## Extracted data
____

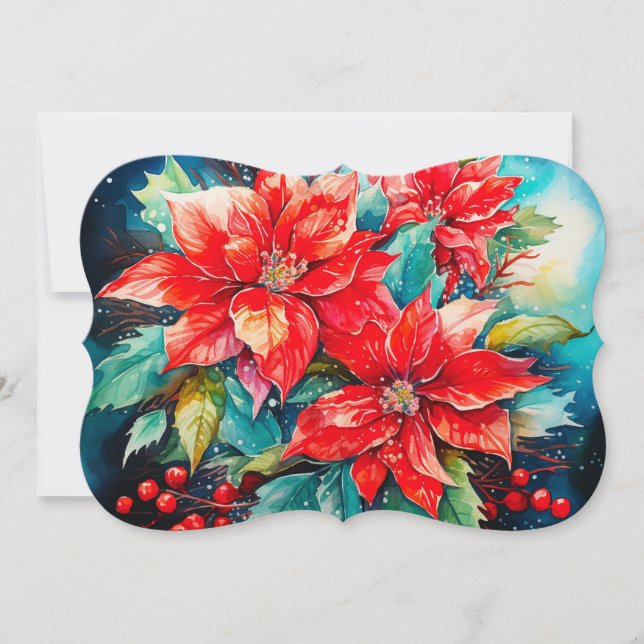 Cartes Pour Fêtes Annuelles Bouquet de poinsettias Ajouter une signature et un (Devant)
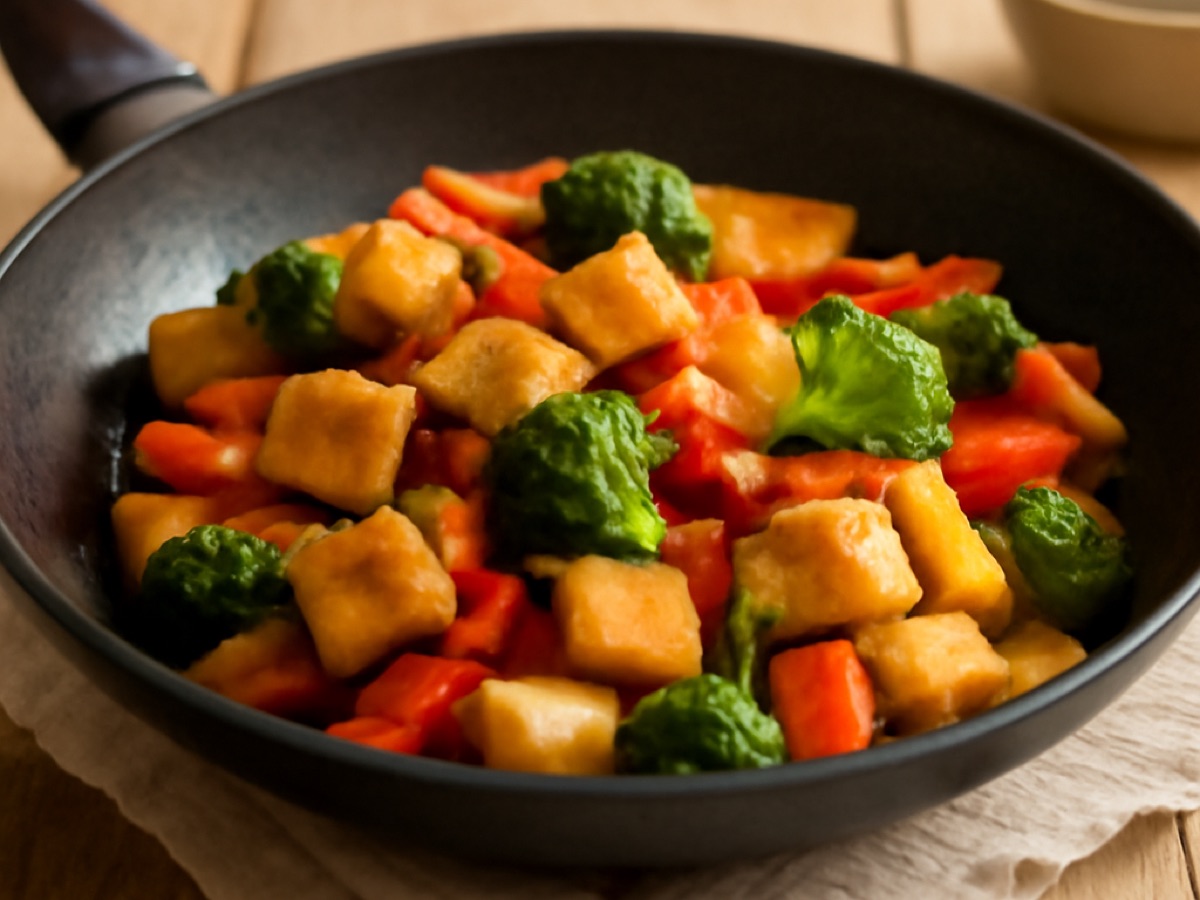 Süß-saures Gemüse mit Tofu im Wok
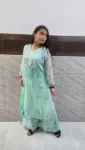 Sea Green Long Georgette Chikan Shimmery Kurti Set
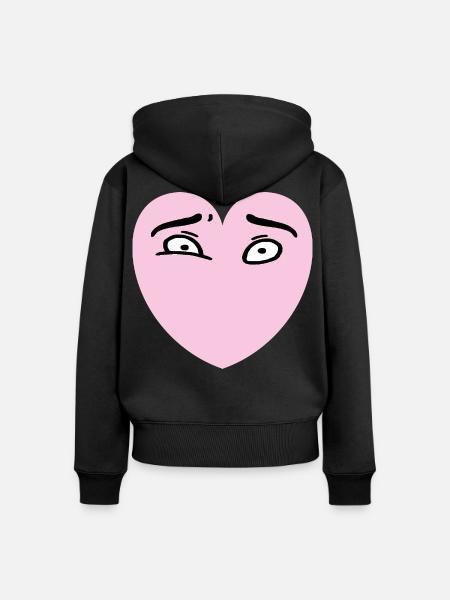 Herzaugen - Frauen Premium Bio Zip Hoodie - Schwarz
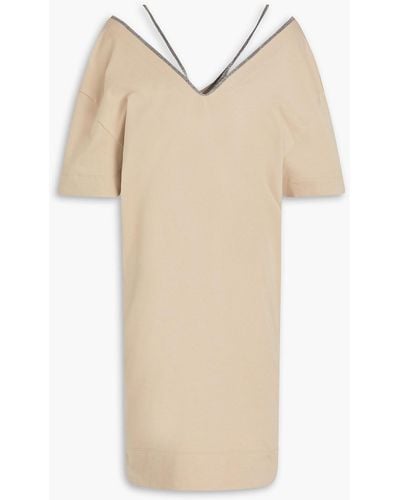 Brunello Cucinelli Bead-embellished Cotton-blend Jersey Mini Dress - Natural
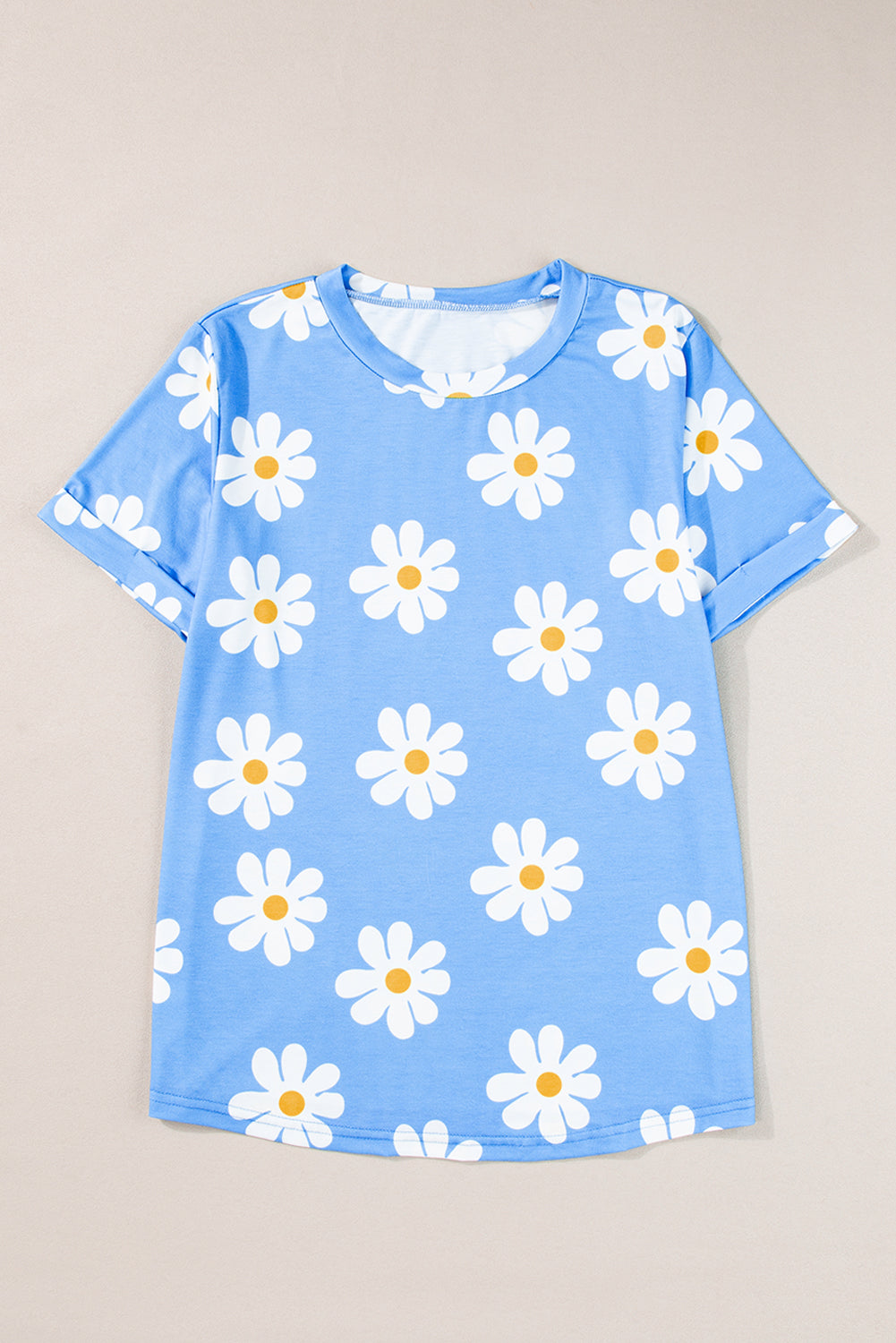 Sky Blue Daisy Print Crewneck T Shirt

____

## Work item
Repeat each record exactly as shown above, dropping all images.

## Result of the task
 Cartes Pour Fêtes Annuelles Bouquet de poinsettias Ajouter une signature et un (Devant)
 Süß-saures Gemüse mit Tofu im Wok
 Sea Green Long Georgette Chikan Shimmery Kurti Set
 Herzaugen - Frauen Premium Bio Zip Hoodie - Schwarz
 Brunello Cucinelli Bead-embellished Cotton-blend Jersey Mini Dress - Natural
 Sky Blue Daisy Print Crewneck T Shirt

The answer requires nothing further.